1. A controlling system for a cooling fan, comprising:

a fluid-pressure motor for driving the cooling fan;

a fluid-pressure pump functioning as a fluid-pressure source for the fluid-pressure motor;

temperature sensors for detecting temperature values of multiple kinds of fluids to be cooled; and

motor-speed controlling means for controlling a rotational speed of the fluid-pressure motor,

wherein the motor-speed controlling means determines a target motor speed value by selecting a higher one of required motor speed values respectively corresponding to the fluids and controls the fluid-pressure motor so that the motor speed thereof reaches the target motor speed value, each of the required motor speed values being determined from the temperature value of the corresponding fluid detected by the corresponding temperature sensor on the basis of a characteristic preliminarily determined by a temperature-versus-motor-speed relationship for the corresponding fluid, said characteristic being set for each kind of fluid.

2. The controlling system for the cooling fan according to claim 1, wherein said multiple kinds of fluids to be cooled includes a coolant for cooling an engine and a working fluid used for driving a fluid-pressure actuator.

3. The controlling system for the cooling fan according to claim 2, further comprising an engine cooling device for cooling the engine, wherein the engine cooling device includes a cooling pump that discharges the coolant and a cooling circuit provided with a coolant cooler for cooling the coolant, and wherein the coolant cools the engine by circulating around the cooling circuit.

4. The controlling system for the cooling fan according to claim 3, wherein the temperature sensors include a coolant temperature sensor for detecting a coolant temperature value in the coolant cooler, and a working-fluid temperature sensor for detecting a temperature value of the working fluid, and

wherein the motor-speed controlling means determines the target motor speed value by selecting a higher one of motor speed values determined on the basis of characteristics preliminarily determined by a coolant-temperature-versus-motor-speed relationship and by a working-fluid-temperature-versus-motor-speed relationship, the motor-speed controlling means controlling the fluid-pressure motor so that the motor speed thereof reaches the target motor speed value.

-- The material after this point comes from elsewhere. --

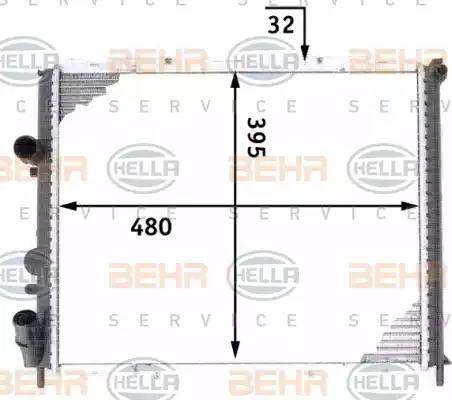 HELLA 8MK 376 717-761 - Radiator, mühərrikin soyudulması furqanavto.az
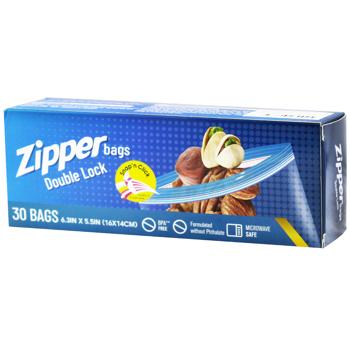 Набір zip-пакетів 14*16см 30шт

5. The controlling system for the cooling fan according to claim 4, wherein the coolant cooler comprises a radiator, wherein the engine cooling device further includes a thermostat disposed at an intermediate position in the cooling circuit and a circulation path, wherein the cooling circuit cools the engine by allowing the coolant discharged from the cooling pump to circulate through the engine and the radiator, wherein when the coolant is in a low temperature state, the coolant output from the engine is carried back to the engine by the circulation path without passing through the radiator, and wherein the coolant temperature sensor detects a coolant temperature value in an area other than the circulation path.

6. The controlling system for the cooling fan according to claim 1, wherein the fluid-pressure pump comprises a variable-displacement fluid-pressure pump, and

wherein the motor-speed controlling means includes a pump regulator for regulating a capacity of the fluid-pressure pump, and a controller that outputs a pump-capacity command signal to the pump regulator on the basis of the temperature value of the corresponding fluid detected by the corresponding temperature sensor and on the basis of said characteristic preliminarily determined by the temperature-versus-motor-speed relationship.

7. The controlling system for the cooling fan according to claim 1, further comprising an air temperature sensor for detecting an outside air temperature,

wherein the motor-speed controlling means reduces the motor speed when the outside air temperature is lower than a predetermined temperature value.